## Required action
Leaving the pictures aside, repeat every line below exactly.

[Exercise material — start]

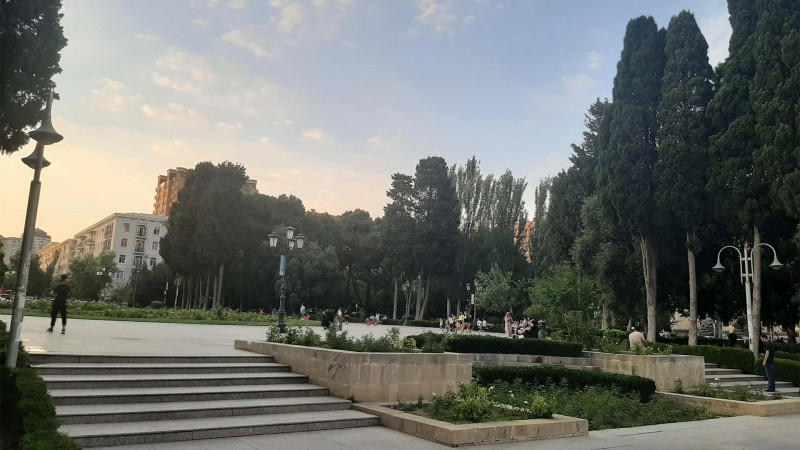 Səməd Vurğun parkında su yoxdur: yaşıllıqlar məhv olur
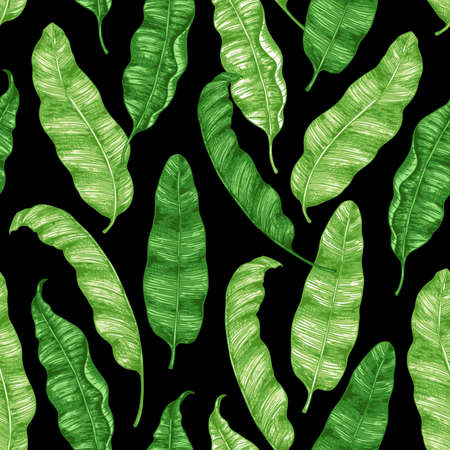 Tropical seamless pattern with green banana leaves on a black background. Hand drawn vintage vector illustration.のイラスト素材
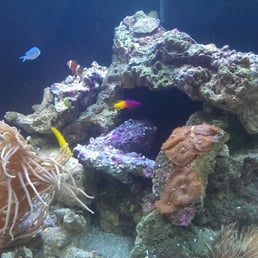One of our beautiful tanks. One of our beautiful tanks.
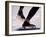 Detail of Speed Skater,S Feet at the Start, Inzell-Chris Cole-Framed Photographic Print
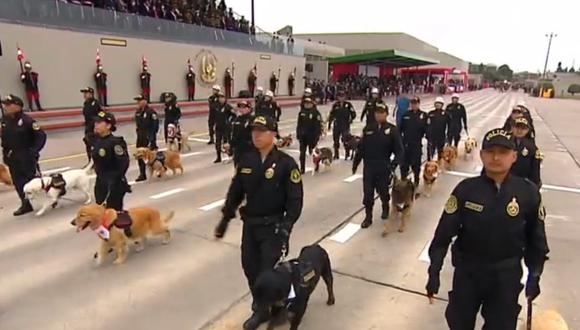 Canes de la Unidad Canina de la Policía Nacional marcharon durante el desfile militar por Fiestas Patrias. (Captura: América Noticias)
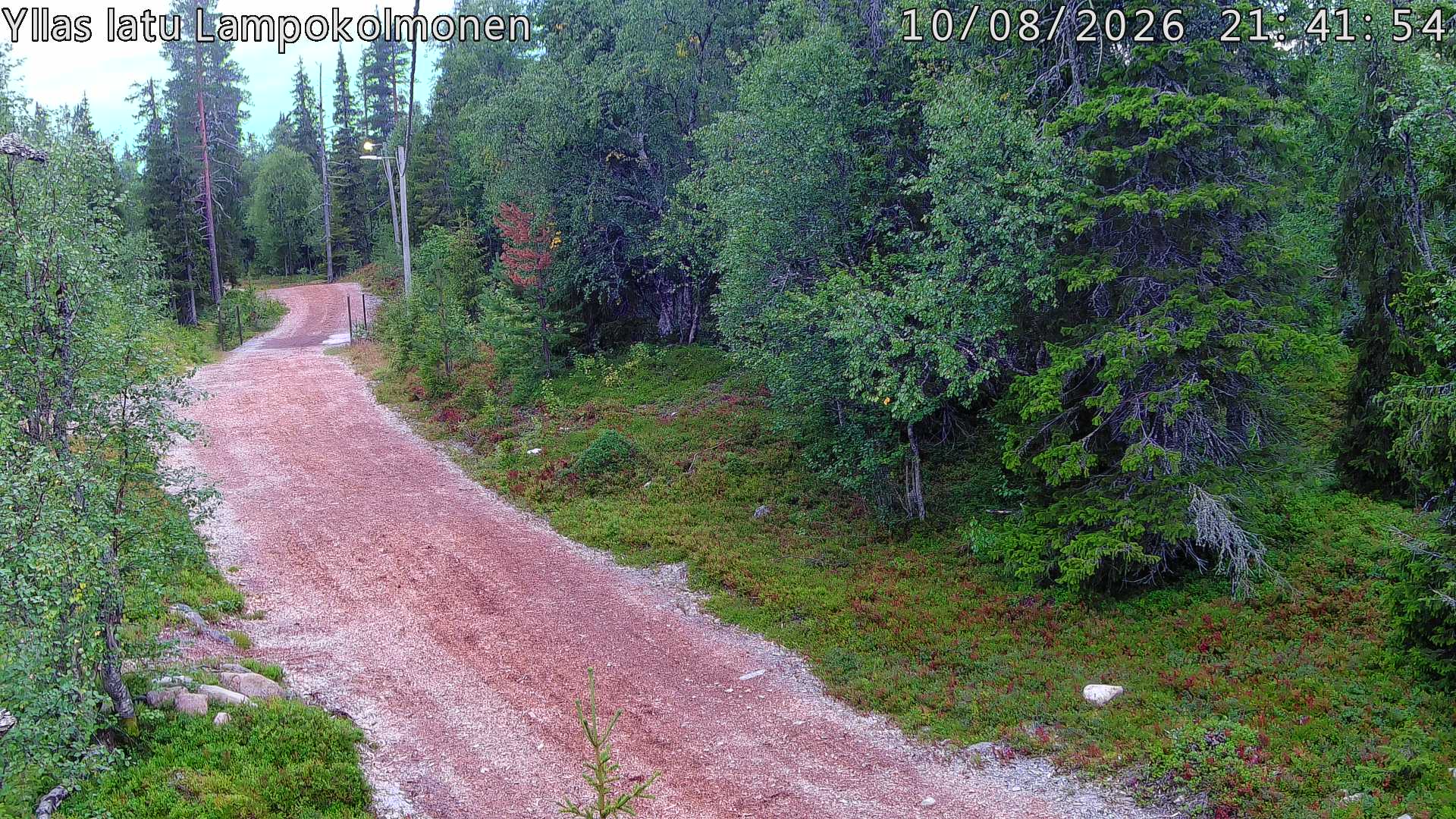 Hiihtolatu ja kuntorata metsän keskellä. Pimeään aikaan aamusta iltaan valaistu.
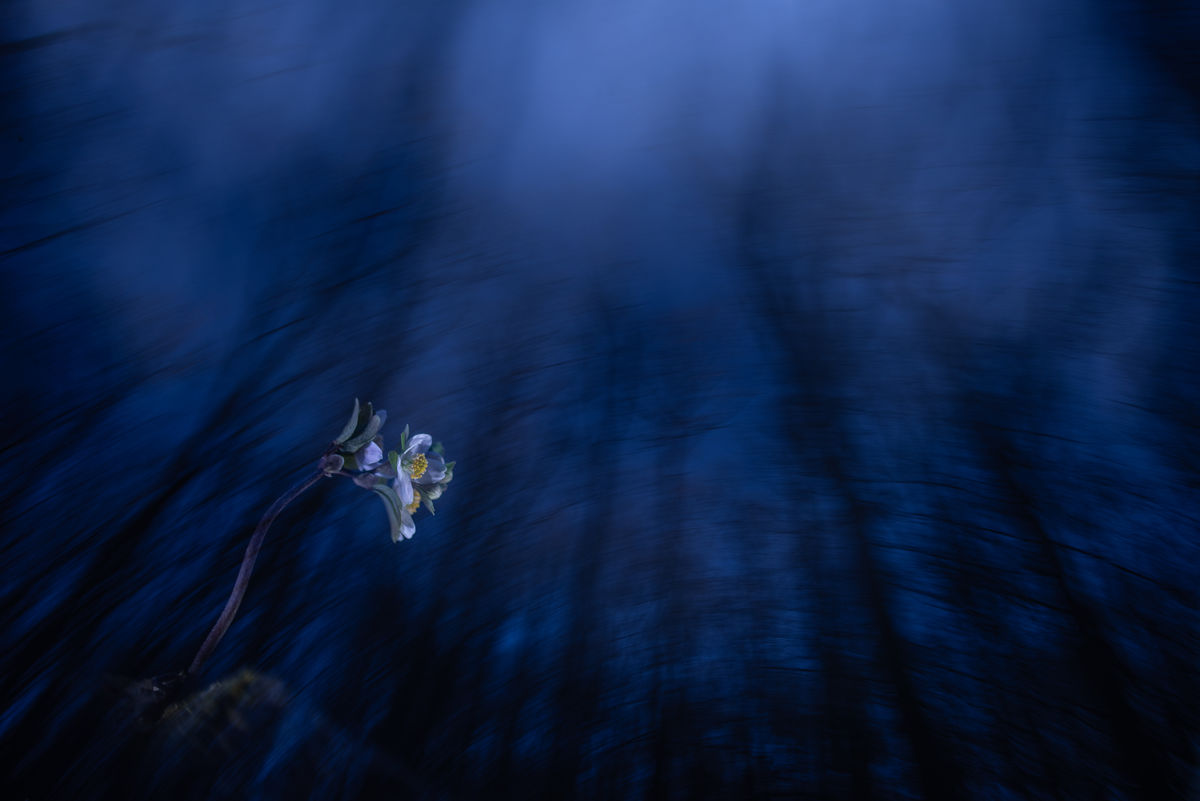 Darányiné Bakos Éva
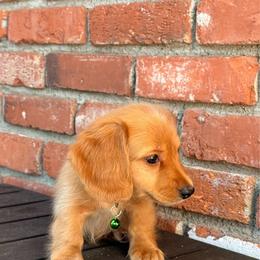 Biscoff - Red male Dachshund puppy in Arcadia, California from Cruz Industries - Dachshund Company & French Bulldog Company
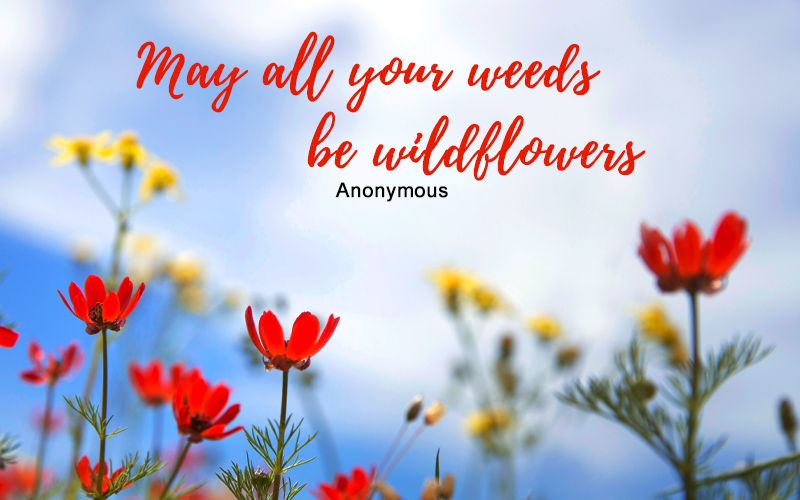 Blooming, Flowers, and Spring Quotes for May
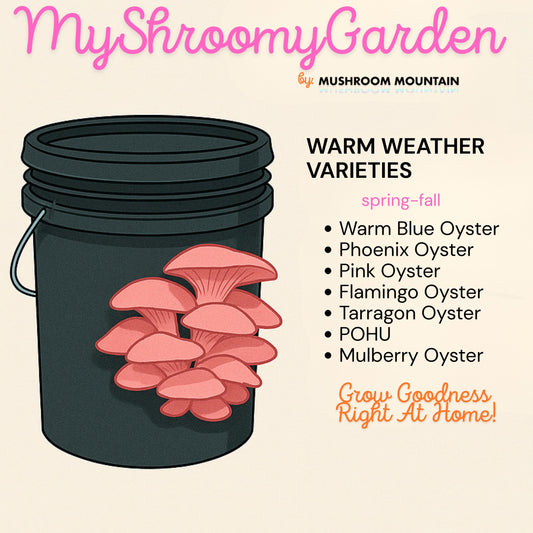 MyShroomyGarden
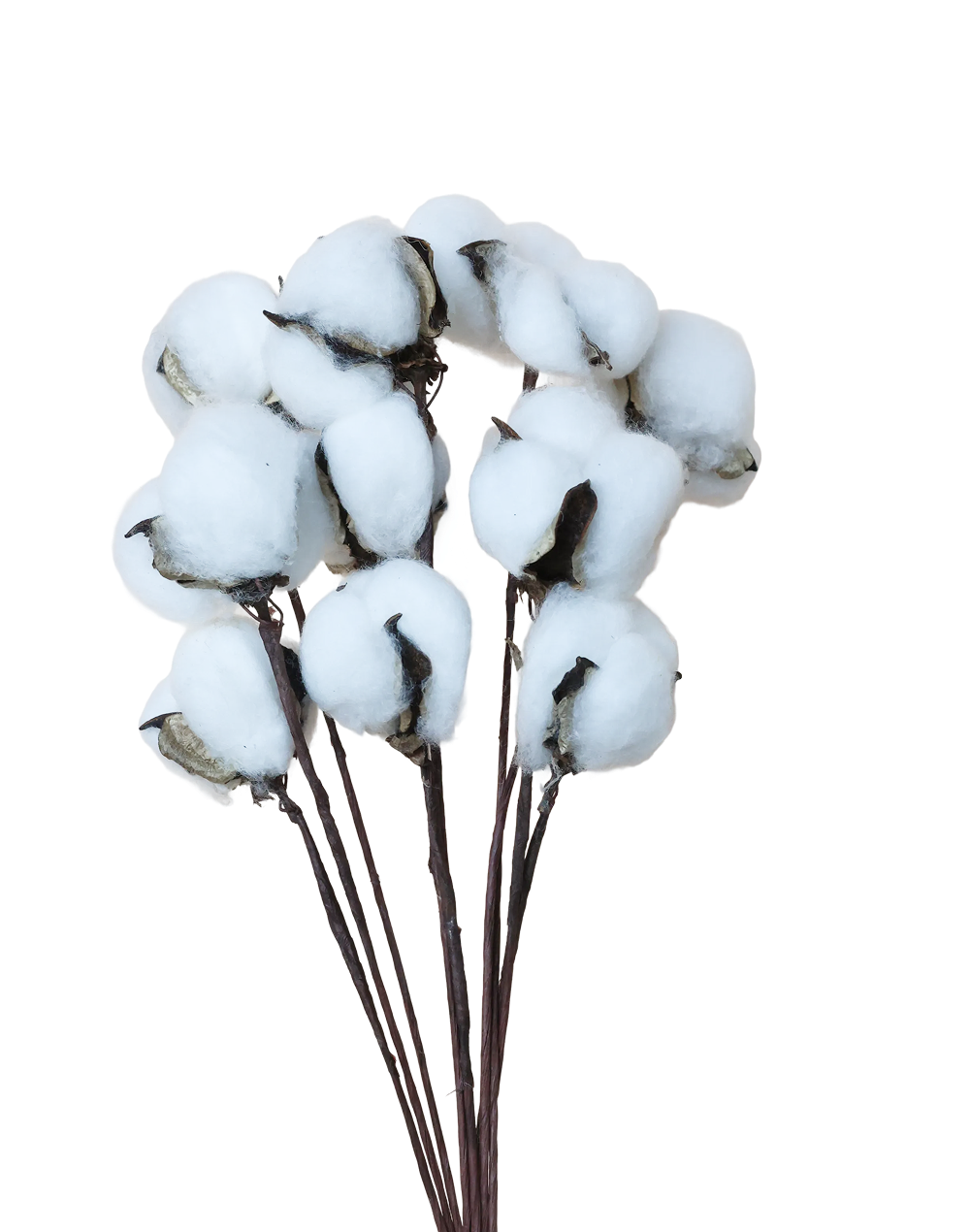 Cotton Branch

[Exercise material — finish]

## Reply to the exercise
 Səməd Vurğun parkında su yoxdur: yaşıllıqlar məhv olur
 Tropical seamless pattern with green banana leaves on a black background. Hand drawn vintage vector illustration.のイラスト素材
One of our beautiful tanks. One of our beautiful tanks.
 Detail of Speed Skater,S Feet at the Start, Inzell-Chris Cole-Framed Photographic Print
 Canes de la Unidad Canina de la Policía Nacional marcharon durante el desfile militar por Fiestas Patrias. (Captura: América Noticias)
 Hiihtolatu ja kuntorata metsän keskellä. Pimeään aikaan aamusta iltaan valaistu.
 Darányiné Bakos Éva
 Biscoff - Red male Dachshund puppy in Arcadia, California from Cruz Industries - Dachshund Company & French Bulldog Company
 Blooming, Flowers, and Spring Quotes for May
 MyShroomyGarden
 Cotton Branch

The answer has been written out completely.